Basta deducir las consecuencias prácticas de la teoría de Malthus, para ver que dicha teoría era la más aplicable al hombre con fines determinados.
Las consecuencias que de ella se derivan directamente, son éstas: La situación desgraciada de los obreros lo es en virtud de una ley inmutable, independiente de los hombres, y si hay algún culpable de ello, son los mismos obreros hambrientos. ¿Por qué los tontos vienen al mundo sabiendo que no tendrán que comer en él?
En favor de tan precioso resultado para la gente ociosa, todos los sabios cerrarán los ojos en lo que concierne a la irregularidad y a la arbitrariedad absolutas de semejantes conclusiones desprovistas de pruebas, en tanto que la multitud de las gentes de letras, es decir, de los ociosos, comprendiendo por instinto a donde conducen aquellas conclusiones, 98
adopta la teoría con entusiasmo, le imprime el sello de la verdad, o lo que es lo mismo, el de la ciencia, y la sigue durante medio siglo.
¿No es ésta la causa que explica la seguridad de los heraldos del positivismo y la humilde sumisión de la multitud a lo que ellos predican?
Parece extraño, a primera vista, que la teoría científica de la evolución pueda justificar a las gentes de su falsedad, y natural parece que no se ocupara sino en observar los fenómenos; pero todo eso no es más que pura apariencia.
Lo mismo acontecía con la doctrina de Hégel en proporciones más vastas que en particular con la doctrina de Malthus.

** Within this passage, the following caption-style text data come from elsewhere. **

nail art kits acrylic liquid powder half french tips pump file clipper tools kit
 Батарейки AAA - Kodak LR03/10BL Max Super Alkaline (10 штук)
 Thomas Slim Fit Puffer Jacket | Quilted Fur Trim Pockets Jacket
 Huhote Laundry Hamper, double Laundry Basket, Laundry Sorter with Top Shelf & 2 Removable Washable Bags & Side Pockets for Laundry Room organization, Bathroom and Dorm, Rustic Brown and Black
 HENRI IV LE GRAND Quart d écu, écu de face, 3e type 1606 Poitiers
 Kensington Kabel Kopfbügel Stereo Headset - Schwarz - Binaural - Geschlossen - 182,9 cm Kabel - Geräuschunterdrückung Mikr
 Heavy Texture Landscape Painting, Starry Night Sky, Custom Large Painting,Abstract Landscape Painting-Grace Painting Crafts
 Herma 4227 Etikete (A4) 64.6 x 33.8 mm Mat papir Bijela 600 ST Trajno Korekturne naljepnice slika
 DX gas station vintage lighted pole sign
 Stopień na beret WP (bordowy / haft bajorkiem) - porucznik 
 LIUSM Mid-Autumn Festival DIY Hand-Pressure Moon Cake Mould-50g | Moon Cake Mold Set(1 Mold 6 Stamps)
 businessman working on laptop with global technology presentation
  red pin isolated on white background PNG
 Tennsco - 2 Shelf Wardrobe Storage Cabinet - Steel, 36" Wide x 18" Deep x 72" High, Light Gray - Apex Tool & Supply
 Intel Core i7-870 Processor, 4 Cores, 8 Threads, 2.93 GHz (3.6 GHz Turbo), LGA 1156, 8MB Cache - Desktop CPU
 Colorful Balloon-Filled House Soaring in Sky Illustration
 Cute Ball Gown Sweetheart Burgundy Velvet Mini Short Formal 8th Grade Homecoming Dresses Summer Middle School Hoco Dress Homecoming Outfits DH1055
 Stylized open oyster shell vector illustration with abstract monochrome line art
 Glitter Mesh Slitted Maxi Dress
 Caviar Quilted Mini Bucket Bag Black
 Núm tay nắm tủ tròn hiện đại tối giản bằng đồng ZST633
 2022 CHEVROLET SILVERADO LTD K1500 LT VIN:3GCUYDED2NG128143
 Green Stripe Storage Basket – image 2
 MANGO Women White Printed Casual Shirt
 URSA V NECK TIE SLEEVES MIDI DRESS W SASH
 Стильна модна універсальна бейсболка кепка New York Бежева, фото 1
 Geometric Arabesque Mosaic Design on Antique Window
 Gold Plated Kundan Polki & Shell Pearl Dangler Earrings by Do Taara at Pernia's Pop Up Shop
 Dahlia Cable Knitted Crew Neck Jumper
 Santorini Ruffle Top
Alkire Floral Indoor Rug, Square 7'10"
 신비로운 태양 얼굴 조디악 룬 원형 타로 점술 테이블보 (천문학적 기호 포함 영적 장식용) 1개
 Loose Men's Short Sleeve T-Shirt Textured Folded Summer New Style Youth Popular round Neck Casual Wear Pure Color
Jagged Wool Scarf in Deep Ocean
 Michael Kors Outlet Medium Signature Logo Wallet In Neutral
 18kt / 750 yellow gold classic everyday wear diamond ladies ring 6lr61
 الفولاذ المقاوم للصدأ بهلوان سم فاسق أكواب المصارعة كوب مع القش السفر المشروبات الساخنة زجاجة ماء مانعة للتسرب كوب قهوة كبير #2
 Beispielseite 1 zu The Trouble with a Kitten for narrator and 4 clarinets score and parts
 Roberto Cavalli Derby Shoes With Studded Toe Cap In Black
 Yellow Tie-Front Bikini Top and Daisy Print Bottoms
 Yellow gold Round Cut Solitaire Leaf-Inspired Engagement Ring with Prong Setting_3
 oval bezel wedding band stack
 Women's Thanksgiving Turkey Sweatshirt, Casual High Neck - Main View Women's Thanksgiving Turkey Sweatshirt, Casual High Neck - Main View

El hegelianismo parecía no ocuparse más que en las construcciones lógicas sin relación alguna con la vida de los hombres, de igual modo que la teoría de Malthus parecía no tener otro objeto que los hechos estadísticos; pero repito que todo eso no era más que pura apariencia.
La ciencia contemporánea trata también de hechos únicamente, y los observa; pero ¿de qué hechos? ¿Por qué se ocupa en unos y no en otros?
Los secuaces de la ciencia contemporánea repiten a cada paso, solemnemente y con seguridad de expresión: «No estudiamos más que los hechos», y se imaginan que sus palabras tienen algún sentido. Estudiar únicamente los hechos resulta imposible, porque son innumerables, en el sentido propio de la palabra, los hechos dignos de estudio. Antes de estudiar los hechos, es preciso establecer una teoría según la cual se les estudie, es decir, que se eligen entre la masa innumerable de hechos, estos o aquellos. Y tal teoría existe y está clara y explícitamente formulada, siquiera los secuaces de la ciencia contemporánea a veces lo ignoren, o a veces finjan ignorarlo. Siempre sucedió lo mismo con todas las doctrinas reinantes y directoras. La teoría suministra siempre los elementos constitutivos de cada doctrina, y los llamados sabios no hacen más que descubrir las consecuencias ulteriores de aquellos elementos, una vez suministrados. De igual modo, la ciencia contemporánea eligió los hechos en conformidad con los elementos de una teoría que conocía a veces, que a veces no quiere conocer y que en ocasiones desconoce en absoluto. Y sin embargo, esa teoría existe.
III
Vedla aquí: El género humano en su totalidad constituye un organismo vivo: los hombres son las diferentes partículas de órganos, cada uno de los cuales tiene su misión especial que sirve al organismo entero. Del mismo modo que las células, constituidas en organismo, se distribuyen el trabajo en la lucha por la existencia, desarrollando tal facultad, restringiendo tal otra y 99
formando órganos especiales para satisfacer mejor las necesidades de todo el organismo, y de igual manera que los animales sociables, como las hormigas y las abejas, dividen el trabajo, dedicándose la hembra a poner los huevos, los zánganos a fecundarlos y las abejas jóvenes a trabajar por la vida del enjambre, así también sucede con el género humano y con las sociedades humanas.